Caption-style text data
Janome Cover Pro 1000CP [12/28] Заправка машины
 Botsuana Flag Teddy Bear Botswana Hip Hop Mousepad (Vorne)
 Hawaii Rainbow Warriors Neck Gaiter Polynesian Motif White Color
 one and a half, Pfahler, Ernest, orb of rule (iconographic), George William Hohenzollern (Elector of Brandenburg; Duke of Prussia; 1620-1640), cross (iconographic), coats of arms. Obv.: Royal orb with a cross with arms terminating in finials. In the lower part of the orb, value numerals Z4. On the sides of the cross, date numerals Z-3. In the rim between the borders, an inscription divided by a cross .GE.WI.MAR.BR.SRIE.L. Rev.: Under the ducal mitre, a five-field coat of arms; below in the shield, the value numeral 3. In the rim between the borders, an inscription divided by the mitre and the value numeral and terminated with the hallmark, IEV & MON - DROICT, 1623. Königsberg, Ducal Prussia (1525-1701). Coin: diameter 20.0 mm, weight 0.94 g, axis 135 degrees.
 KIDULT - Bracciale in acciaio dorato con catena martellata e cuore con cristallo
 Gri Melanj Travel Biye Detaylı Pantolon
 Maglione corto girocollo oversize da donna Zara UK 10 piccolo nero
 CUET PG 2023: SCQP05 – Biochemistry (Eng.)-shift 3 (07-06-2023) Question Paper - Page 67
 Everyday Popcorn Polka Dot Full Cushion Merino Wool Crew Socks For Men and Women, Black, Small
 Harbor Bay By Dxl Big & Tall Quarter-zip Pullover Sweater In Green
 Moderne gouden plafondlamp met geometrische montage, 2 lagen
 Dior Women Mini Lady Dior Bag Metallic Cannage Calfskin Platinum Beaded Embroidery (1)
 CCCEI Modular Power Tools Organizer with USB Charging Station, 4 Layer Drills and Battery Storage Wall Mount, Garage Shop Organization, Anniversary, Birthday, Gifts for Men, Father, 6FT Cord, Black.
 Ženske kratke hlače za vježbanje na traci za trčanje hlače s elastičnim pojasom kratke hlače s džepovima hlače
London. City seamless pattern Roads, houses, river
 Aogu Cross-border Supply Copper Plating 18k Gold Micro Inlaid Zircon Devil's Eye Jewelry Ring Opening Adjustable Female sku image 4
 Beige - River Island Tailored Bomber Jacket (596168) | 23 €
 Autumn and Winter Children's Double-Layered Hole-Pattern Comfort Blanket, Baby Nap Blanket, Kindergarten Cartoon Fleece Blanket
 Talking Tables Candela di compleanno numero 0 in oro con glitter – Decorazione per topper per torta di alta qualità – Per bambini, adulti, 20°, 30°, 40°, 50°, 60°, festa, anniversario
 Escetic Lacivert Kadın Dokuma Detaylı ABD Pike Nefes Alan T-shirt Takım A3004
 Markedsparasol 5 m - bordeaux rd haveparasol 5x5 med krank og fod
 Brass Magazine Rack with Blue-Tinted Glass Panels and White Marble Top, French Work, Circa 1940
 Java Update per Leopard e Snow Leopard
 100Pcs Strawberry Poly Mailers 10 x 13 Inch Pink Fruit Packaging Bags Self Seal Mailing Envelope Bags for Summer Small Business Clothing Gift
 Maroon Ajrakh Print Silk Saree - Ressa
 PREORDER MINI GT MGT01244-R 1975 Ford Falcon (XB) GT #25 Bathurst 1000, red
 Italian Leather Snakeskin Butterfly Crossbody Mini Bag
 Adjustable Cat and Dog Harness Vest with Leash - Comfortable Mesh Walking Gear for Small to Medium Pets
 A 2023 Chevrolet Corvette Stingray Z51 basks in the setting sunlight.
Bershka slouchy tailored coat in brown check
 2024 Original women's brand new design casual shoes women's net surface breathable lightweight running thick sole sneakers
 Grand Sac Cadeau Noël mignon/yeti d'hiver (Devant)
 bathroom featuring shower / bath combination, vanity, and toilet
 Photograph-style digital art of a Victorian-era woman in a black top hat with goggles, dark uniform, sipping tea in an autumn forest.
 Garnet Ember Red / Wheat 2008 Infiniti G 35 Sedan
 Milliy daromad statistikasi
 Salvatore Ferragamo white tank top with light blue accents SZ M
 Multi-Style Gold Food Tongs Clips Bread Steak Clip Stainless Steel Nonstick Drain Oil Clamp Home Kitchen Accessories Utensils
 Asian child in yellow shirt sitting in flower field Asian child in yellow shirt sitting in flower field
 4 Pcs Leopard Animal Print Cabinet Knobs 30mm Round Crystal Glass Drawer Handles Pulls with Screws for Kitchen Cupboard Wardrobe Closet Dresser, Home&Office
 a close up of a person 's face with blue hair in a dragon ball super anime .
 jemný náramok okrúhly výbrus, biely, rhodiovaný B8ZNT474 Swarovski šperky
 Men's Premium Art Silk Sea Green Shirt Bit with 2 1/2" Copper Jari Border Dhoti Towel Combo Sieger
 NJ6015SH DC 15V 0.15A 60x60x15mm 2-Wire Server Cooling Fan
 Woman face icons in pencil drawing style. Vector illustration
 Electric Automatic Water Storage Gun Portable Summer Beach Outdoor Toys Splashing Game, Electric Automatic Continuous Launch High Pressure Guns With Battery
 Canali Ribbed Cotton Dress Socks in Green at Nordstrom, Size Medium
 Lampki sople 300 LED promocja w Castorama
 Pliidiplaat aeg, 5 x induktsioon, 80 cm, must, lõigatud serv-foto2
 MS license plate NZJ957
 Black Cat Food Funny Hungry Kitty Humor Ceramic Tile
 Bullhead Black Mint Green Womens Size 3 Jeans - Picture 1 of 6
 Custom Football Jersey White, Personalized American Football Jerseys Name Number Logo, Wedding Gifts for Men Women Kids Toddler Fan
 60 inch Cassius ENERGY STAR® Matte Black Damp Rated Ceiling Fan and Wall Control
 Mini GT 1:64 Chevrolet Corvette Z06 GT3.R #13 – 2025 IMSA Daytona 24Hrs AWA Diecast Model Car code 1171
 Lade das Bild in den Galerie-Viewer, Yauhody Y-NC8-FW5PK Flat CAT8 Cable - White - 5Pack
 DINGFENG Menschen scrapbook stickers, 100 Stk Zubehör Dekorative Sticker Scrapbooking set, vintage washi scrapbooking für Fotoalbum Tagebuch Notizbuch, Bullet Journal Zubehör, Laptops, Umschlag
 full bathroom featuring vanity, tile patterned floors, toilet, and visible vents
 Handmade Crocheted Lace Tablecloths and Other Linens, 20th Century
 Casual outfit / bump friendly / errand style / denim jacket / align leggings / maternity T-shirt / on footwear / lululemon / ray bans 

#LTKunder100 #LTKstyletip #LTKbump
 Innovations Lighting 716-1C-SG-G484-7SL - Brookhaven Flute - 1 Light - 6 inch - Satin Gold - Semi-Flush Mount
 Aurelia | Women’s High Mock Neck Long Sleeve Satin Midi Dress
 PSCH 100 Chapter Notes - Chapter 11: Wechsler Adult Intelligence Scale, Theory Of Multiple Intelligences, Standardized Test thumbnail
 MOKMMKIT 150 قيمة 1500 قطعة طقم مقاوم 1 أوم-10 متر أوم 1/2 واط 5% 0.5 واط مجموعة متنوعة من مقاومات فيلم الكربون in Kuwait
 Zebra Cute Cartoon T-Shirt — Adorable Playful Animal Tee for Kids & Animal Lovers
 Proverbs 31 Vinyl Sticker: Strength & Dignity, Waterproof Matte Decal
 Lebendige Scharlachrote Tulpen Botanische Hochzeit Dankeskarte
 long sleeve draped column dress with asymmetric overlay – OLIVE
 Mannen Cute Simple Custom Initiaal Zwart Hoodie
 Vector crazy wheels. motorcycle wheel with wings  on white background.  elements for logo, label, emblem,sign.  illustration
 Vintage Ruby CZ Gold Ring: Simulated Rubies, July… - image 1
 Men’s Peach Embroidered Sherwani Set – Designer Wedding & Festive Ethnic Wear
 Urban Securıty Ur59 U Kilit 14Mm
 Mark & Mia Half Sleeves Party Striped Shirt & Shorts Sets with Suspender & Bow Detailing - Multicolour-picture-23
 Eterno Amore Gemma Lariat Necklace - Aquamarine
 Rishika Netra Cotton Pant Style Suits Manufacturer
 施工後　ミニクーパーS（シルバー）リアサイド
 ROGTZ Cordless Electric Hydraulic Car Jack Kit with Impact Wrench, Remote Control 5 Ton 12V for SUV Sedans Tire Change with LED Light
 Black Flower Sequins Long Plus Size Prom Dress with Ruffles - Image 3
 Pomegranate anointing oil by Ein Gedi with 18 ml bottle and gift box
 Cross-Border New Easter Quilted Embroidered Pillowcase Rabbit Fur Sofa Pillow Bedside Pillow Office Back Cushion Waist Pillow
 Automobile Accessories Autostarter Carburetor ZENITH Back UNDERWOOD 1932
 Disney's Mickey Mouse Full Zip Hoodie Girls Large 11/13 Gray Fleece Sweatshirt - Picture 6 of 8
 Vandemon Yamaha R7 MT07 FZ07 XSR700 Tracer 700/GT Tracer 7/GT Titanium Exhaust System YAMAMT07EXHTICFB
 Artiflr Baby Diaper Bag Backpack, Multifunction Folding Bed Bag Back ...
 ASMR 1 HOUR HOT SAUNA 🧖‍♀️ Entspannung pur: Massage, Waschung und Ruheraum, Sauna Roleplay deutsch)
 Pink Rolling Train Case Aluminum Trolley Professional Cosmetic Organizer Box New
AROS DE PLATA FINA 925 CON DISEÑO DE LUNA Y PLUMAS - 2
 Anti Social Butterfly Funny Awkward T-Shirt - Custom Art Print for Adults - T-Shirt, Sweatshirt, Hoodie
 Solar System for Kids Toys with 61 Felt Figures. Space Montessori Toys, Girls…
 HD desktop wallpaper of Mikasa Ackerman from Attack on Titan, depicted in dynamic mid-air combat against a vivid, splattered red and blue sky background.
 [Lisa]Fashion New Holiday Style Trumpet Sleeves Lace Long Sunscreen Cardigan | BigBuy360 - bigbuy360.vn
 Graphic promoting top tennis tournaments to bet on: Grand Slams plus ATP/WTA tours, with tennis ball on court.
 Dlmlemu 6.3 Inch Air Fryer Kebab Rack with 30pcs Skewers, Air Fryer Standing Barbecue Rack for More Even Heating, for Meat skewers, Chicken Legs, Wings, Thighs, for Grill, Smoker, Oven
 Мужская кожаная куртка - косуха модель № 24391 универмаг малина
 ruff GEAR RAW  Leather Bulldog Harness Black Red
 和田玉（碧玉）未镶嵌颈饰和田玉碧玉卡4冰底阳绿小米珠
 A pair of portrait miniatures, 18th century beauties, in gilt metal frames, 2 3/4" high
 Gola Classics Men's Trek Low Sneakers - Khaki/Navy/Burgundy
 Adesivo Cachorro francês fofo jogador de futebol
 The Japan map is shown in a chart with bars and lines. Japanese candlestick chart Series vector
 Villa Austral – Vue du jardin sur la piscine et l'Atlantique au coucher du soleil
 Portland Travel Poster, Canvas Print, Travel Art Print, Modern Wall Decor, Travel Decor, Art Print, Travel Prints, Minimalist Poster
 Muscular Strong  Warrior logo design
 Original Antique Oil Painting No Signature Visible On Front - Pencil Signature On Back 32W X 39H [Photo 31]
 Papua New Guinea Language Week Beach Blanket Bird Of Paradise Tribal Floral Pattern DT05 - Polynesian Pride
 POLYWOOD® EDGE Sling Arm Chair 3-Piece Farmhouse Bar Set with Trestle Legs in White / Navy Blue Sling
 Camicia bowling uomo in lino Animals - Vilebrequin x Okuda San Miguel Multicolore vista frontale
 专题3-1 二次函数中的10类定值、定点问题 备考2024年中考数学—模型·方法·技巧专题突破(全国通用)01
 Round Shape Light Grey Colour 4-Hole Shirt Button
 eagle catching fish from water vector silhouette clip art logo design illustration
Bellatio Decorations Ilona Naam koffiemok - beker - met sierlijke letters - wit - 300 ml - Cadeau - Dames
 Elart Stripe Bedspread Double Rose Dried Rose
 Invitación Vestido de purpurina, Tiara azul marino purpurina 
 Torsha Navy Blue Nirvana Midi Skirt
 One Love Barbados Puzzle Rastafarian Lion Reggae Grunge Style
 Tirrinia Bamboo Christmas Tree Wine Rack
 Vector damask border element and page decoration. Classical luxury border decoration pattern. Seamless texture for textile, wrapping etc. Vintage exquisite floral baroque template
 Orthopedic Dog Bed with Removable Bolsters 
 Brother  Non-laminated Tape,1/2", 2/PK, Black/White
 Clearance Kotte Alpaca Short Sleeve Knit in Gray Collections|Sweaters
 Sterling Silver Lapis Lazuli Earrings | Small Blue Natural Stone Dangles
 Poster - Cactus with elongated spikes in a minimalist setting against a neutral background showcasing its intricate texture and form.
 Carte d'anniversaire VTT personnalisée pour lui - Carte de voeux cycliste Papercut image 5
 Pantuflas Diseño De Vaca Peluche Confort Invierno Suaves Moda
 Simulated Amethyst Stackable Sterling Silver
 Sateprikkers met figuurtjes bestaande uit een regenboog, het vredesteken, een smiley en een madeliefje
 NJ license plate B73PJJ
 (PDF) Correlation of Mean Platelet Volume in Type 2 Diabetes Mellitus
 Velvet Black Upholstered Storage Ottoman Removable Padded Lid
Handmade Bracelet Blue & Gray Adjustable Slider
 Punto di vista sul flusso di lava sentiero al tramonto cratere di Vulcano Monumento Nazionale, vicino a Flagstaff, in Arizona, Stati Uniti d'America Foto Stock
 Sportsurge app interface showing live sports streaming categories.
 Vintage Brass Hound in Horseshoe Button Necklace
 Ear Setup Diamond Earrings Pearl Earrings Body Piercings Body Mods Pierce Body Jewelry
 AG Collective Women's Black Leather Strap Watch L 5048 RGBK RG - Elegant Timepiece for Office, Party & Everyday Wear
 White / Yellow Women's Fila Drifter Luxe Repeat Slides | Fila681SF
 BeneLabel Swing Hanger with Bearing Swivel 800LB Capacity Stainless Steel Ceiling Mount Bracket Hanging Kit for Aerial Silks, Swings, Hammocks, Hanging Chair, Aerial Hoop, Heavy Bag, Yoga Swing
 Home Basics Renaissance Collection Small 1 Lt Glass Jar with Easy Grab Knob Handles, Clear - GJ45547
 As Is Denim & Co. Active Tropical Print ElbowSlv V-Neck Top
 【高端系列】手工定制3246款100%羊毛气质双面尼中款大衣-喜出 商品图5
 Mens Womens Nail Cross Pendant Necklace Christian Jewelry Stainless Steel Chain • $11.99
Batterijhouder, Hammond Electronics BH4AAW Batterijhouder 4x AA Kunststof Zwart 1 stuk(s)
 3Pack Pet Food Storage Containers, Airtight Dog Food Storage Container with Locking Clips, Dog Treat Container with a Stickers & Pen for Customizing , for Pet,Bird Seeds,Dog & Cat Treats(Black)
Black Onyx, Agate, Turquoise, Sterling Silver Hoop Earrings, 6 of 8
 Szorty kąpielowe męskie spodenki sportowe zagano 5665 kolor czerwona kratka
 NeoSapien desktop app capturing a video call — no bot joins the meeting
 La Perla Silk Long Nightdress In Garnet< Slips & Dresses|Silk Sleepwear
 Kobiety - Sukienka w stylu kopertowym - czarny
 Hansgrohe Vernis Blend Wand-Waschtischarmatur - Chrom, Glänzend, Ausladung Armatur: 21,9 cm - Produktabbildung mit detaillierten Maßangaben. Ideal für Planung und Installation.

Exercise directions -> Show every line from the entries that includes the word "Detaylı".

Answer below ->
 Gri Melanj Travel Biye Detaylı Pantolon
 Escetic Lacivert Kadın Dokuma Detaylı ABD Pike Nefes Alan T-shirt Takım A3004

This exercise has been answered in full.